Related: The Kaiser Family Foundation re-surveyed Californians to determine how insurance coverage had changed among residents in the state. The new survey findings estimated that, of California’s previously uninsured population, 58 percent (3.4 million) obtained health insurance throughout the open enrollment period. Most often the newly insured population gained coverage through Medi-Cal, the state’s Medicaid program (25 percent of newly insured), and 9 percent of the newly insured gained coverage through the state’s marketplace.
(Source: DiJulio, Bianca, Firth, Jamie, Levitt, Larry, Claxton, Gary, Garfield, Rachel, and Brodie, Mollyann. Kaiser Family Foundation, “Where are California’s Uninsured Now? Wave 2 of the Kaiser Family Foundation California Longitudinal Panel Survey, July 30, 2014; California Department of Insurance, “Analysis of 2014 Individual Market Health Insurance Rates Compared to Rates in 2013,” July 28, 2014)
Novartis and Google are working together to develop a smart contact lens designed to monitor blood-glucose levels while also correcting vision. Currently individuals have to rely on a finger prick test to monitor blood-glucose levels. The smart lens method is more accurate and less invasive. The lens is equipped with a tiny sensor that will analyze the amount of glucose in tears and then relay this information through an antenna. It also has the ability to wirelessly transmit the information to an app on a mobile device. Tears also contain a biomarker, lacryglobin, for breast, colon, lung, prostate and ovarian cancers. Measuring the lacryglobin levels could help to monitor patients in remission. Ultimately this type of technology could help individuals better manage their own health and prevent disease through early detection.
Google will soon start analyzing people’s health through biomarkers found in urine, blood, saliva and tears as part of its Baseline Study Initiative. The Wall Street Journal reported that 175 study participants will wear Google's experimental wearable devices, including its smart contact lens for monitoring glucose levels being developed with Novartis, and will have their biological, molecular and genetic information analyzed.
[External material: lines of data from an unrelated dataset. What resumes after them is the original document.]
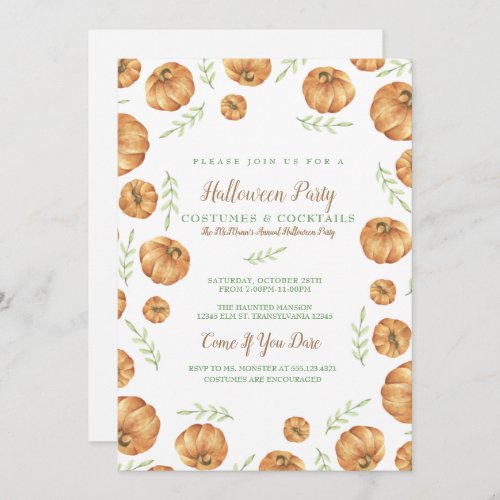 Pumpkin Harvest Invitation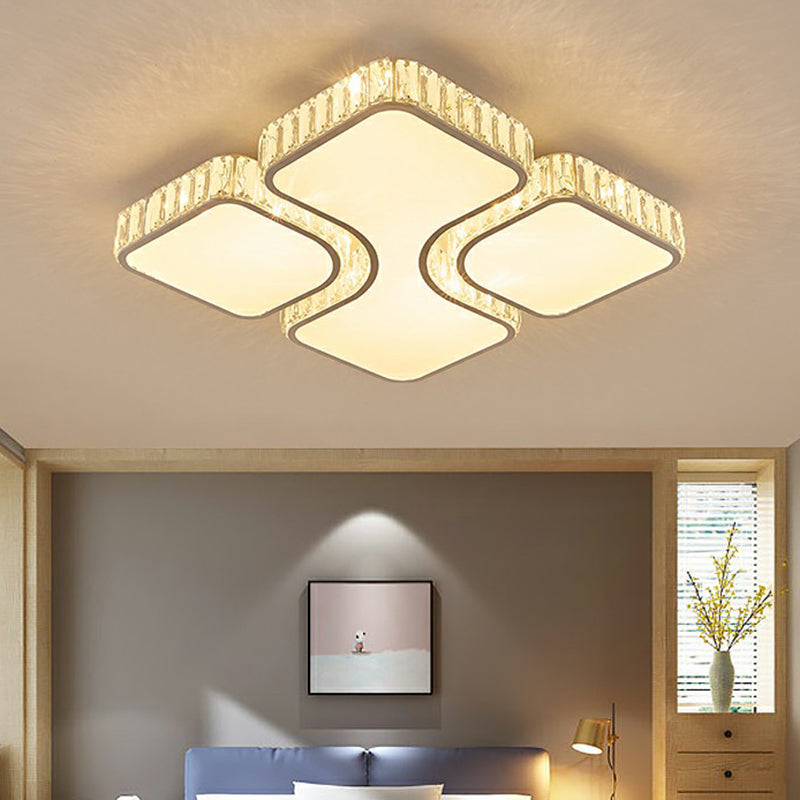 Rectangular LED Ceiling Mount Light Modern Crystal Clear Flushmount Lighting for Living Room Clearhalo 'Ceiling Lights' 'Close To Ceiling Lights' 'Close to ceiling' 'Flush mount' Lighting' 2283037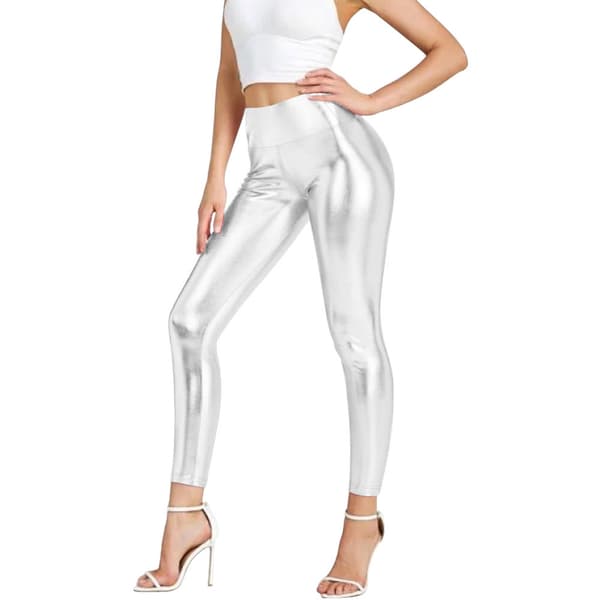 INF Silverfärgade leggings med hög midja i konstläder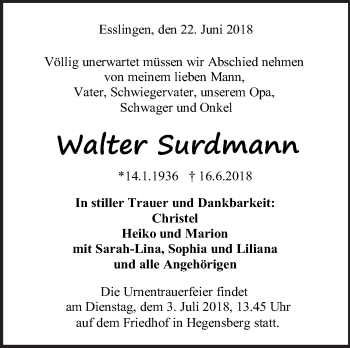 Traueranzeige von Walter Surdmann von Eßlinger Zeitung/Cannstatter Zeitung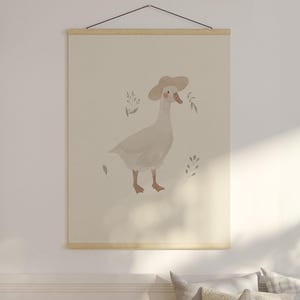 Farm-inspired duck nursery print with a neutral aesthetic for kids' spaces.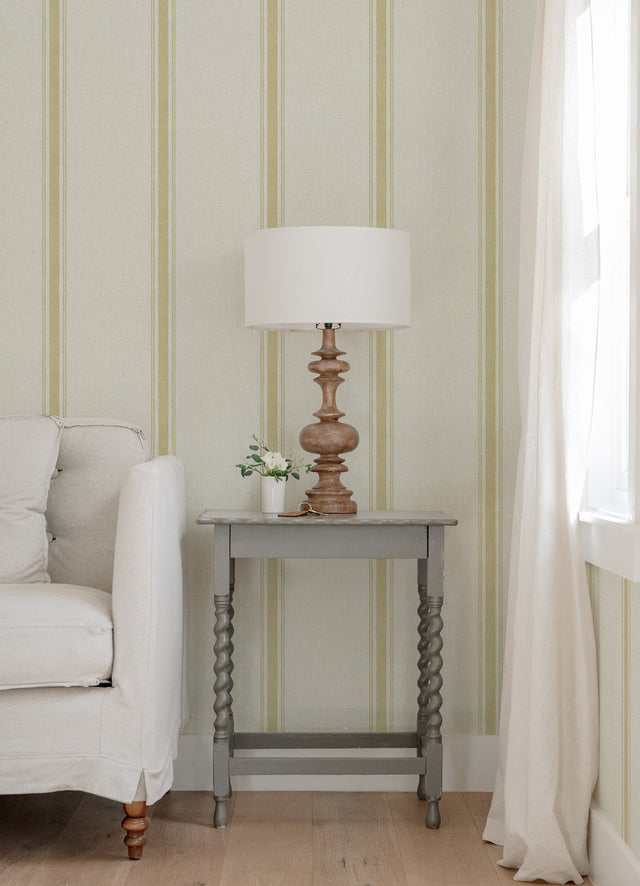 Linette Wheat Fabric Stripe Wallpaper with Country Fabric & Woven Textures Pattern - Chesapeake 4072-70069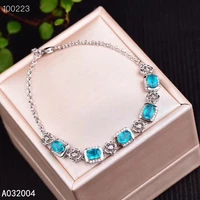 kjjeaxcmy fine jewelry 925 sterling silver inlaid gemstone apatite women hand bracelet luxury support detection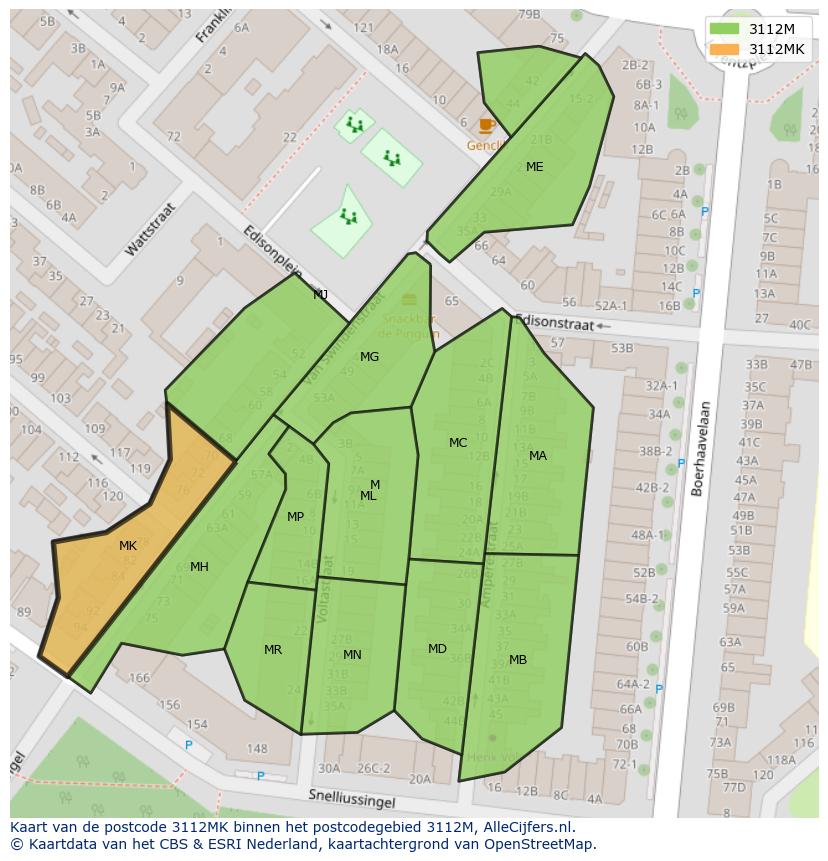 Afbeelding van het postcodegebied 3112 MK op de kaart.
This initial study will be followed by a larger study of thousands of people run in collaboration with Duke and Stanford universities. The goal of the project is to help researchers identify biomarkers to detect diseases such as heart disease and cancer much earlier. According to the article, Stanford and Duke medical schools will monitor and control the use of the anonymized data, it will not be shared with insurance companies and it will be made available to third-party researchers. A team at Google X – the same unit responsible for innovations like the driverless car and the smart contact lens – is running the project.